With foreclosures surging to record levels, the controversial plan is aimed at propping up the housing market and limiting the financial losses suffered by mortgage lenders and investors in mortgage-backed securities.
However, the plan could trigger a wave of legal action from those investors, and there was also an angry reaction from many homeowners who have been diligently paying their bills.
"We should not bail out lenders, real-estate speculators or those who made the reckless decision to buy a home they knew they could not afford," Bush said. "The homeowners deserve our help. The steps I've outlined today are a sensible response to a serious challenge."
The voluntary agreement is the culmination of weeks of talks between the Bush Administration, the administrative companies which service the loans, and representatives of the investors who ultimately own the mortgages.
Thanks to the spread of securiti-sation, most mortgages have been sold on by the lenders and parcelled up into derivatives such as mortgage-backed securities and collateralised debt obligations, their ultimate ownership scattered among investors across the globe.
Treasury Secretary Hank Paulson admitted that some of these investors might be angry that the terms of the underlying mortgages are being modified, but pointed out that the American Securitisation Forum, which represents investors, was supportive of the plan.
"The industry standards announced today do not change the nature of the responsibilities in the servicing industry - servicers will continue to modify loans when it is in the best interests of the investors. With the investor community on board and as a clear beneficiary of this approach, the risk of litigation should be manageable."
Mark Adelson, of Adelson & Jacob, said investors would wait to see how the plan is implemented.
"If it is the servicers giving away someone else's money, then that is like stealing and that's horrible.
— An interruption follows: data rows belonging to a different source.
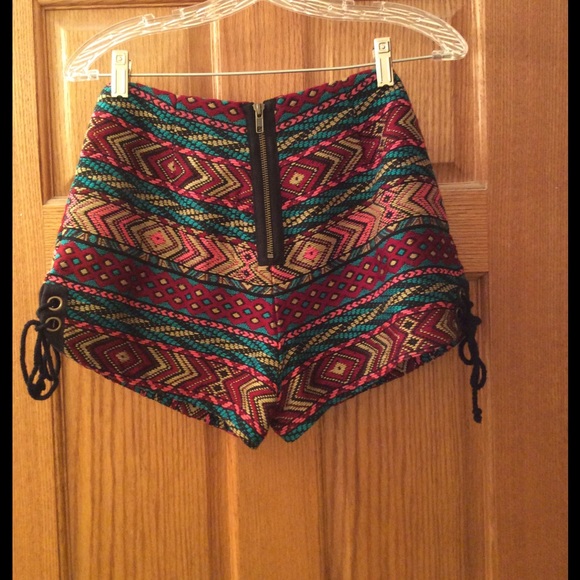 Pattern shorts - Picture 3 of 4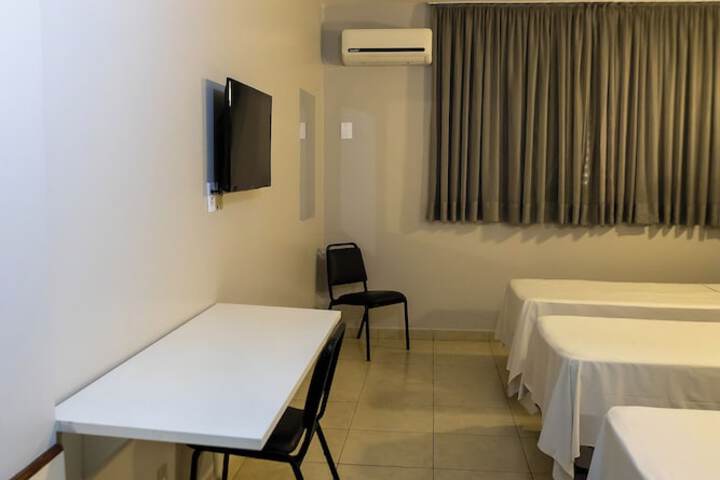 Room 14 of 38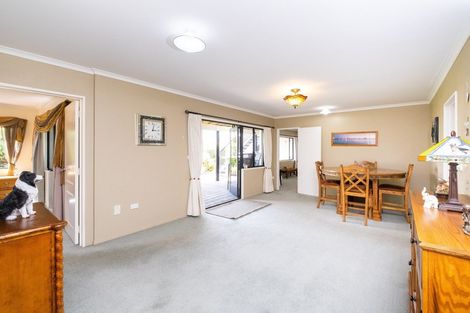 Photo of property in 2 Hikanui Place, Havelock North, 4130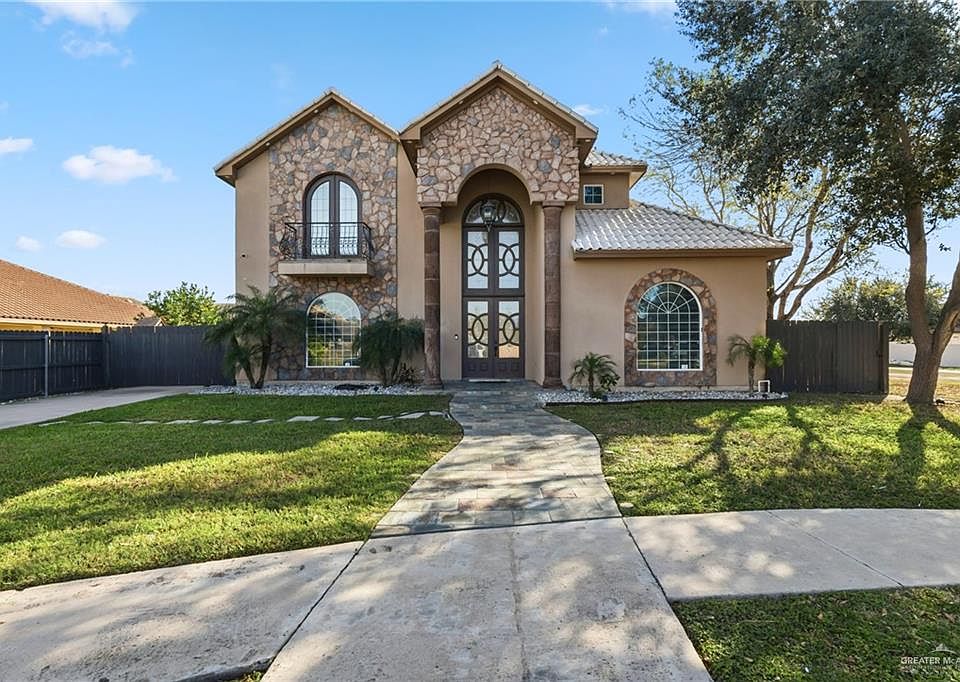 1st image of 212 Zenaida Ave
If they are maximising the recovery of the loan, then that is in the loan-holders' best interests. The trouble is we can't tell in advance ... how many people redefault. If investors see modifications happening that are just stupid, then I expect them to react to that."
Until the bursting of the credit bubble this year, millions of Americans were able to take out home loans with low introductory "teaser" interest rates, hoping that they would be able to refinance before the rate reset to a higher monthly payment.
Home foreclosures shot up to an all-time high in the three months to the end of September, the Mortgage Bankers' Association said yesterday, and the number of borrowers who had fallen behind in payments was now 6 per cent.
A Moody's economic report yesterday predicted that house prices would continue to fall while the market was "awash with unsold inventory".